>Ok, Lets say that you are correct about the DOS.
>Please explain the possible problem. Given my solution already in place.
Looks like you've got a pretty solid solution in place.
So, only two ways I can think of that'd make a headache for you if you
used SPF, targeting your system itself (rather than a dDOS on your
upstream DNS caches, DNS root servers, or other authoritative server
by attacking not so much your system as other systems that share your
upstream caches):
1. Use widespread zombie machines to inject lots of email with
suitably forged MAIL FROM:<[EMAIL PROTECTED]>, so you do lots of
SPF lookups on arbitrary data.
2. Use intermediate relays to do the same thing, except now the
emails come from systems you "trust" to not try to exploit you
(though those relays presumably can't be using SPF to reject
incoming email that appears to be forged).
If your incoming email flow is kept low enough, #1 won't pose much of
a problem, since your solutions already will respond by reducing
incoming email flow even more during the attack.
And #2 is more of a policy matter, which can be addressed once the
problem is noticed.
Therefore, this does indeed remain primarily a theoretical concern
with the architecture of SPF for someone like yourself.
The reality is likely to be that spammers will just forge domain names
that either don't publish SPF records, or that publish overly
permissive SPF records, just as they shifted from not forging to
forging random domain names, and later from forging random domain
names to forging random *existing* domain names, in response to the
various anti-UBM countermeasures that were deployed in the past.
As long as spammers can find enough domain names to get them past SPF
checks, they'll have little incentive to attack SPF per se.

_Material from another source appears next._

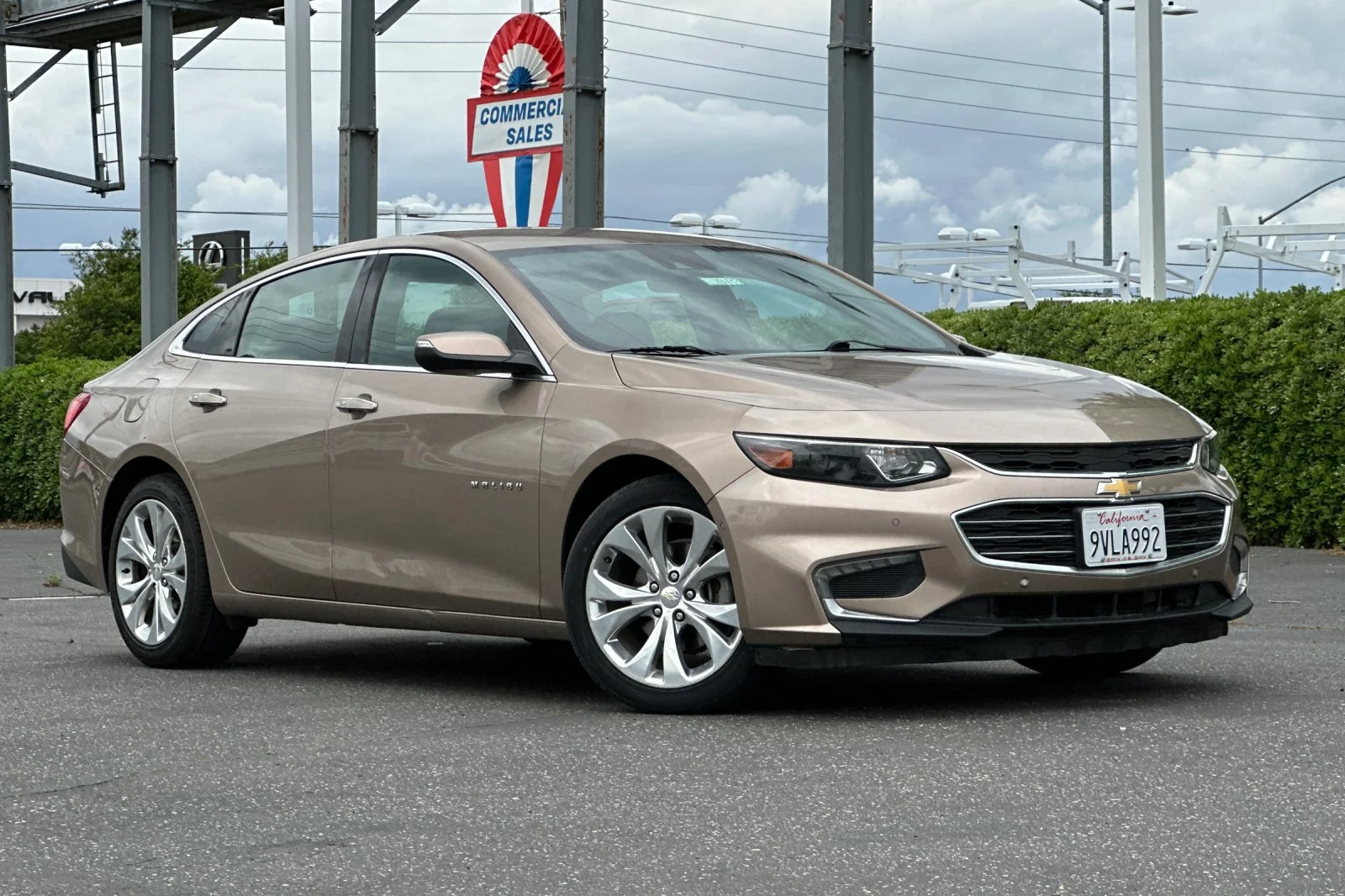 Used 2018 Sandy Ridge Metallic Chevrolet Premier image 2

Still, I'd feel better if there were assurances that DNS lookups based
on arbitrary data supplied by potentially hostile entities (which
includes SPF lookups in response to SMTP clients saying "MAIL
FROM:<...>") were "firewalled", or kept separate, from traditional
(outreaching) DNS lookups by, say, using a separate set of caches and
servers on port 54 (or some other new reserved port) instead of port
53.
But that's probably better discussed on the pertinent SPF and DNS
mailing lists. Certainly qpsmtpd wouldn't care!